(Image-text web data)
= Beginning of Section =

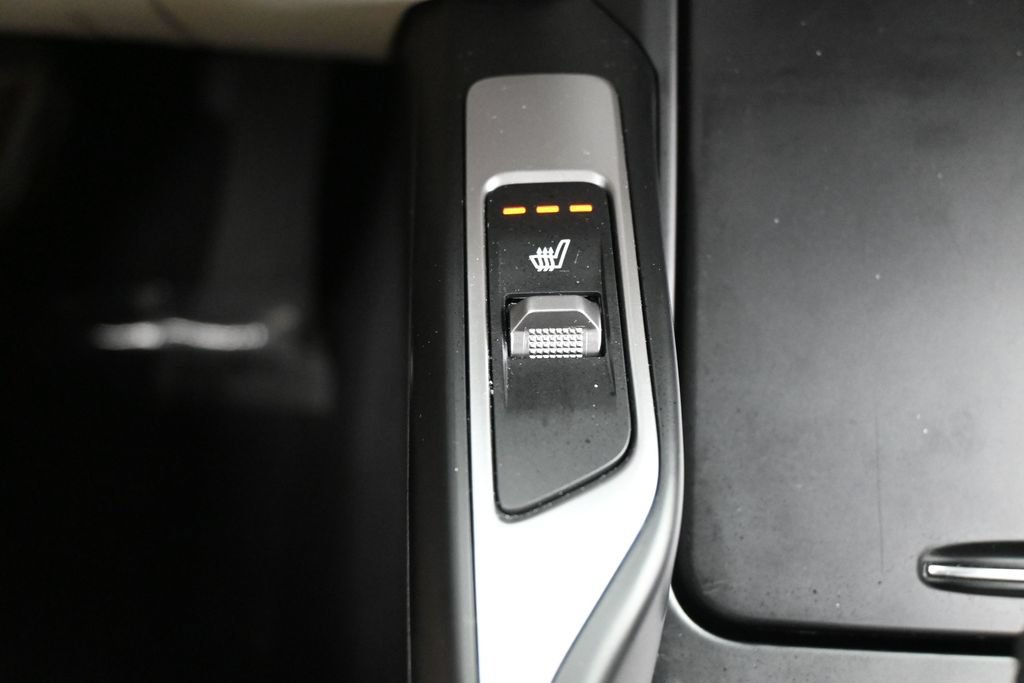 Used 2023 Kia Sorento S w/ Panoramic Sunroof Package FWD image 23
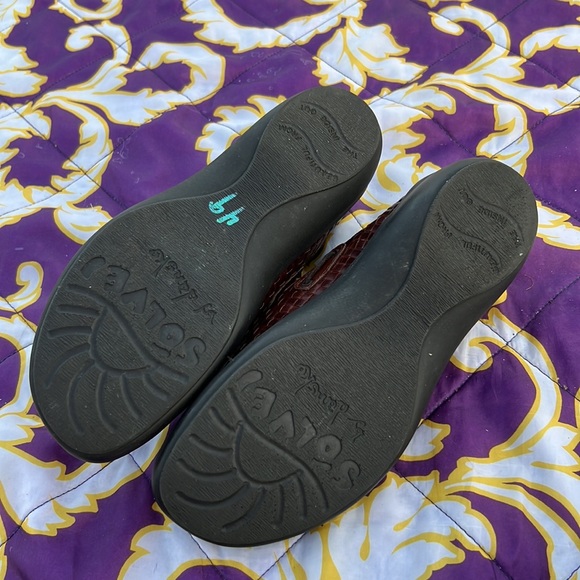 Leather clogs - Picture 2 of 2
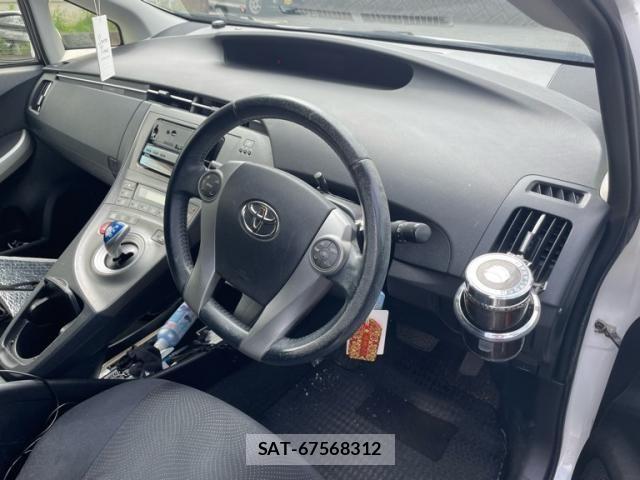 Toyota PRIUS 2013-10 8686357-12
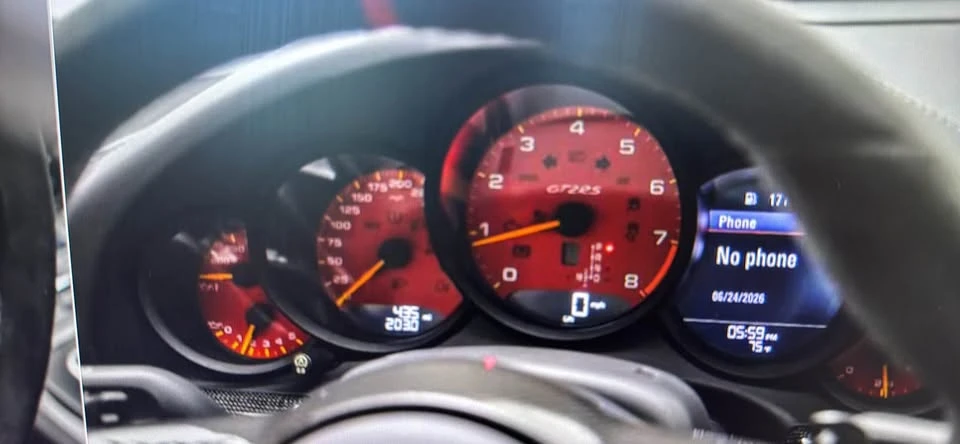 2018 Porsche 991 GT2 RS - Image 9 of 18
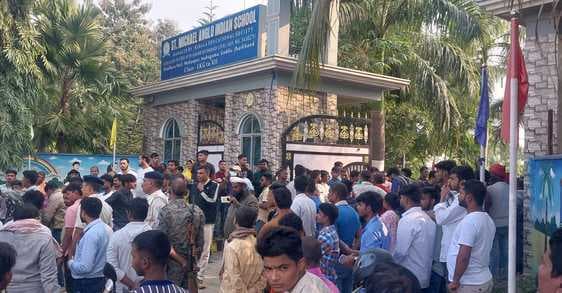 पोस्टमार्टम के बाद शव को स्कूल गेट पर रखकर एक घंटे तक किया सड़क जाम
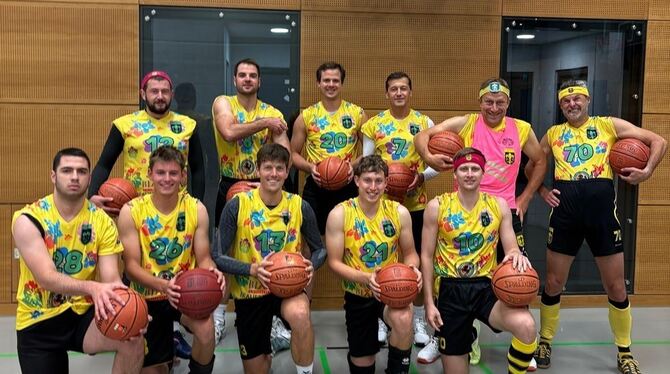 Immer zu Scherzen aufgelegt: Die Oberliga-Volleyballer des TSV Eningen. Stehend von links: Marco Späth, Ruben Schellhammer, Mark Immer zu Scherzen aufgelegt: Die Oberliga-Volleyballer des TSV Eningen. Stehend von links: Marco Späth, Ruben Schellhammer, Mark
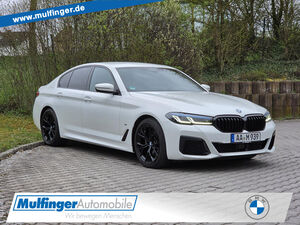 BMW-520-520d xDrM Sport Laser ACC SurView 19 Fin440,- Sportpaket Bluetooth HUD Navi Klima PDC el Fenster,Polovna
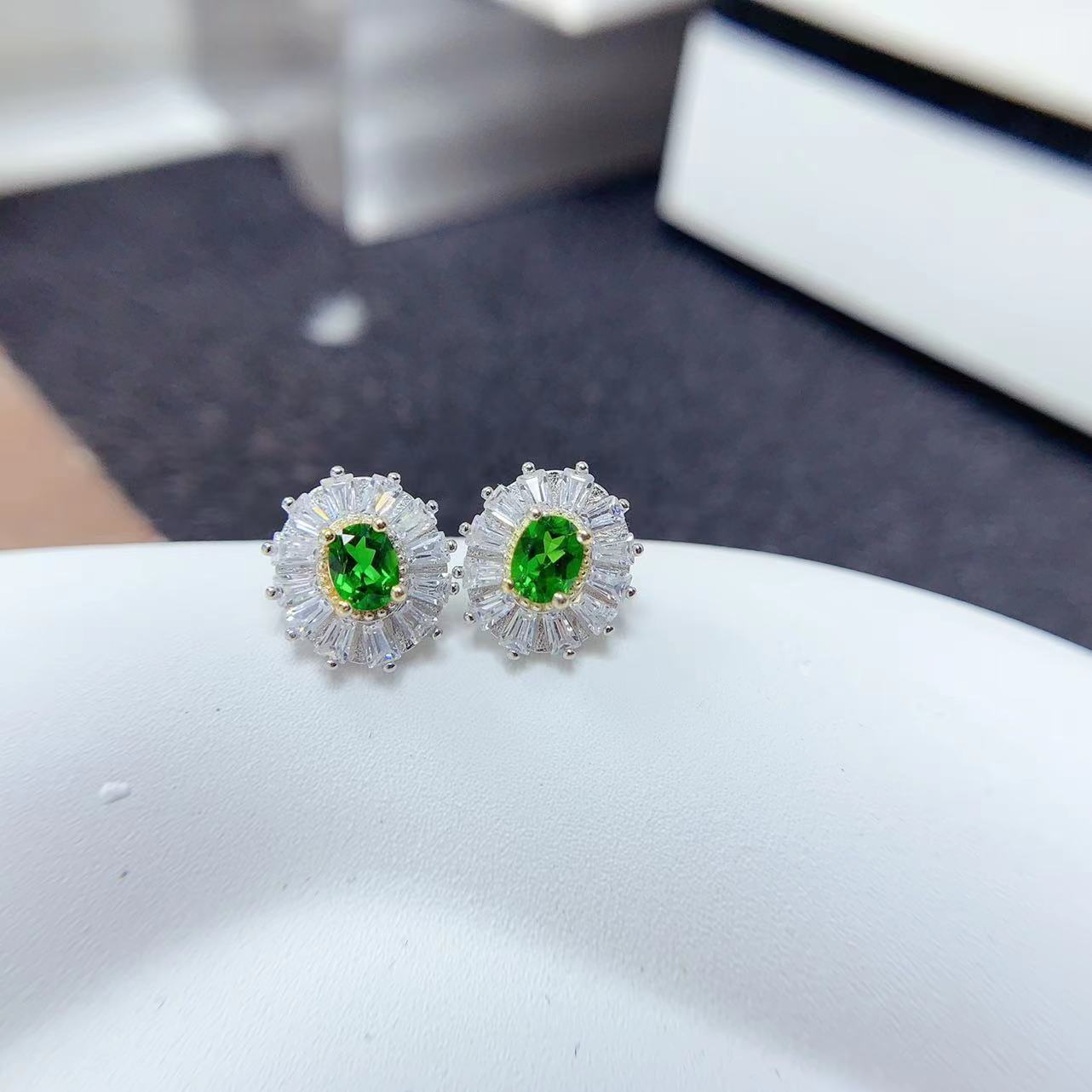 S925 Silver Diopside Stud Earrings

= End of Section =

■ AIM OF THE EXERCISE ■
Only the text of the records belongs in the answer, printed exactly and without pictures.

■ EXERCISE OUTPUT ■
 Used 2023 Kia Sorento S w/ Panoramic Sunroof Package FWD image 23
 Leather clogs - Picture 2 of 2
 Toyota PRIUS 2013-10 8686357-12
 2018 Porsche 991 GT2 RS - Image 9 of 18
 पोस्टमार्टम के बाद शव को स्कूल गेट पर रखकर एक घंटे तक किया सड़क जाम
 Immer zu Scherzen aufgelegt: Die Oberliga-Volleyballer des TSV Eningen. Stehend von links: Marco Späth, Ruben Schellhammer, Mark Immer zu Scherzen aufgelegt: Die Oberliga-Volleyballer des TSV Eningen. Stehend von links: Marco Späth, Ruben Schellhammer, Mark
 BMW-520-520d xDrM Sport Laser ACC SurView 19 Fin440,- Sportpaket Bluetooth HUD Navi Klima PDC el Fenster,Polovna
 S925 Silver Diopside Stud Earrings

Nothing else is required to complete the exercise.